Wednesday, April 23, 2008

Anglomania

A Welsh friend points out that "yet again" the English are following the lead of the Scots, the (Northern) Irish and the Welsh (is there a word for all the non-English British? (yes, "barbarians" my grandfather might say)). This time it is the celebration of a national saint, St. George. Today, April 23, is St. George's Day. Historically not much of a day, certainly compared to St. Patrick's, or even St. David's or St. Andrew's. But with a resurgence of nationalism amongst the constituent nations of Britain of late, the English have apparently been feeling a little left out. Sure, they've got the Morris dancing. And there was the World Cup win in 1966. But pushed on by pubs (I suspect), some English are working to make St. George's Day into a day of national celebration.

The old English flag, the red cross of St. George on a white background, appears more frequently, usually at soccer, rugby or cricket matches. Unfortunately there's still a whiff of the unsavory around the flag, for ultra right groups co-opted the flag years go. That obnoxious association still lingers for some Brits, especially visible minorities. Musician Morrissey sang about this issue of the flag and Englishness on his song, "Irish Blood, English Heart" from his 2004 album, You Are the Quarry:
I've been dreaming of a time when
To be English is not to be baneful,
To be standing by the flag, not feeling shameful
Racist or partial
But UK media have associated Morrissey with anti-immigrant sentiment, which lead to him successfully suing one magazine for slander and winning an apology. A lawsuit against music magazine NME continues.
There are a number of recent reads about the English and the English character:
  • The Angry Island: Hunting the English by A.A. Gill (2007) Publisher's Weekly noted: "Rapier-wit social critic Gill wants readers of this provocatively perceptive dissection of English cultural mores to know he was born a Scotsman, thank you very much, and is most definitely not an "enigmatically indecipherable" Englishman. In 16 defiantly abrasive essays, Gill bristles with outrageous originality about cliched topics like England's class system; gardening; British accents; and kindness to animals.

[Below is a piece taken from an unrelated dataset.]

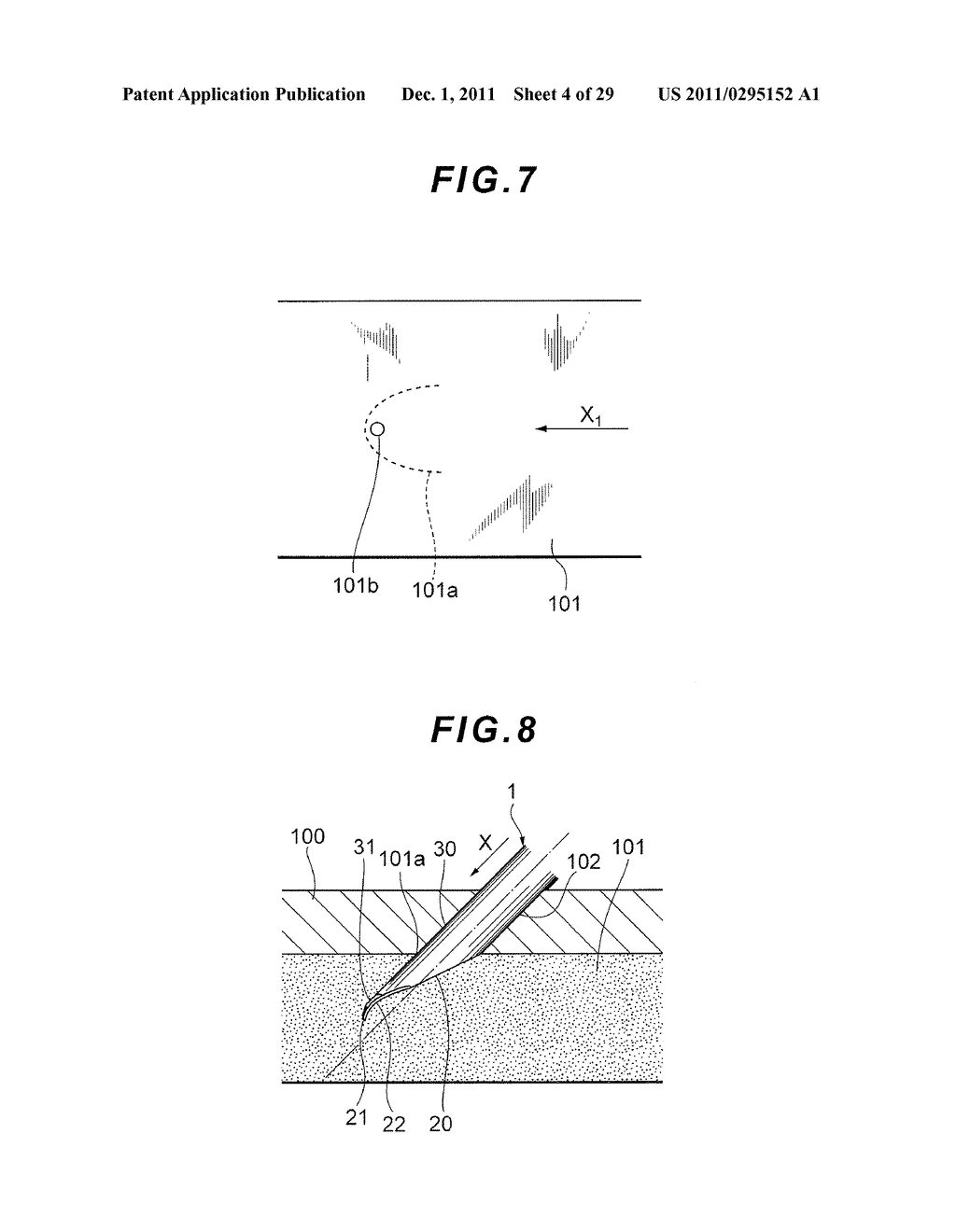 PUNCTURE METHOD, INCISION NEEDLE, PUNCTURE NEEDLE, NEEDLE CAP AND     INSTRUMENT FOR BLOOD PURIFICATION TREATMENT - diagram, schematic, and image 05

Gill's caustic ruminations often veer into over-the-top hyperbole, but these essays, brimming with incendiary certitude, also offer nuggets of truth."
  • The Evil Empire: 101 Ways That England Ruined the World by Steven A. Grasse (2007). A rather odd polemic by an American, pointing his finger at the English. From the publisher's blurb: "They invented slums. They invented child labor. They put Saddam Hussein in power. They burned Joan of Arc at the stake, and they enslaved the globe to get their tea fix. We're talking about England, of course, and the terrible evils they've set loose on the world." Meant as humour (I think) but the reception in the British media has been rather tepid.
  • Watching the English: The Hidden Rules of English Behaviour by Kate Fox (2004). Kate Fox explained the origin of her popular book of social anthropology: "Really, I don't see why anthropologists feel they have to travel to remote corners of the world and get dysentery and malaria in order to study strange tribal cultures with bizarre beliefs and mysterious customs, when the weirdest, most puzzling tribe of all is right here on our doorstep." - Kate Fox. A delightful exploration of Englishness, including why all the talk about the weather and proper pub etiquette.
  • The English: A Portrait of a People by Jeremy Paxman (2000). From Kirkus: "A deeply serious yet wonderfully lively, witty, and heartfelt study of the Mother Country.Who, really, are the English? At a time when Great Britain seems to be devolving into its constituent parts, it's not an idle question.... Journalist and broadcaster Paxman believes that it is the English--not the Scots, the Welsh, or the Irish--who have lost their own sense of who they are and how they fit into the United Kingdom. ... Paxman searches for the essence of Englishness in history, religion, geography, behavior, speech, and--well, just about anything that throws light on his subject."
  • Anglomania: A European Love Affair by Ian Buruma (1998). From Kirkus: "A breezy history of the political science of England-loving. ... Anglophilia's double appeal to both snobs and liberals propels his diverting tour of England-lovers (Voltaire, Goethe, Herzen, Mazzini, Baron de Coubertin), as well as some unreconciled haters, including Karl Marx and Kaiser Wilhelm. Anglomania's subtext ... is how England's national identity is changing at the century's close. Its approach to serious subject matter under cover of self-deprecating wit and mild eccentricity is ... typically English. As Buruma's colorfully drawn discursion illustrates, there'll always be an England, as long as there are Anglophiles."
Cheers! (more about the English travel subgenre (eg. Mustn't Grumble, pictured above) in a post to come)

Tuesday, April 22, 2008

Dangerous World

A very odd Earth Day locally this year, with the blizzard on the weekend, snow still falling and a wind chill temperature this morning of -20! It certainly makes the many, many books warning of environmental catastrophe seem entirely plausible. Scaring people to death probably isn't the best way to get people to change their light bulbs and stop idling outside the 7-11. But like a good horror movie sometimes a fright is a good thing. I chose a couple of doomsday-style books for my Earth Day Gazette Great Reading picks (published tomorrow, April 23):

The World Without Us by Alan Weisman. In this intriguing “what-if” book, science journalist Weisman thinks about what would happen to Earth if the human species suddenly disappeared. An oddly hopeful book about our enduring planet.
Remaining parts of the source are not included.